Problem ▸ Could you reproduce, word for word, everything below from the line containing "choose conversion options" down to the line containing "Wenger Sak Watch", with both of those lines included and no others?

Input records ▸
--
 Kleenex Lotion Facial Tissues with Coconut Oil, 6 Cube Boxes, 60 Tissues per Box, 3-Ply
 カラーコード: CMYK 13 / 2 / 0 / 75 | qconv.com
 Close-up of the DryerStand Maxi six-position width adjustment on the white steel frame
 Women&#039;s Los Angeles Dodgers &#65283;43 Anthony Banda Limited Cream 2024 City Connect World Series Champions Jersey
--
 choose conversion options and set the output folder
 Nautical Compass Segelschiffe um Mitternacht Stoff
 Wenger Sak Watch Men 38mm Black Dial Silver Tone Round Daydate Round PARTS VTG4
--
Response box ▸
 choose conversion options and set the output folder
 Nautical Compass Segelschiffe um Mitternacht Stoff
 Wenger Sak Watch Men 38mm Black Dial Silver Tone Round Daydate Round PARTS VTG4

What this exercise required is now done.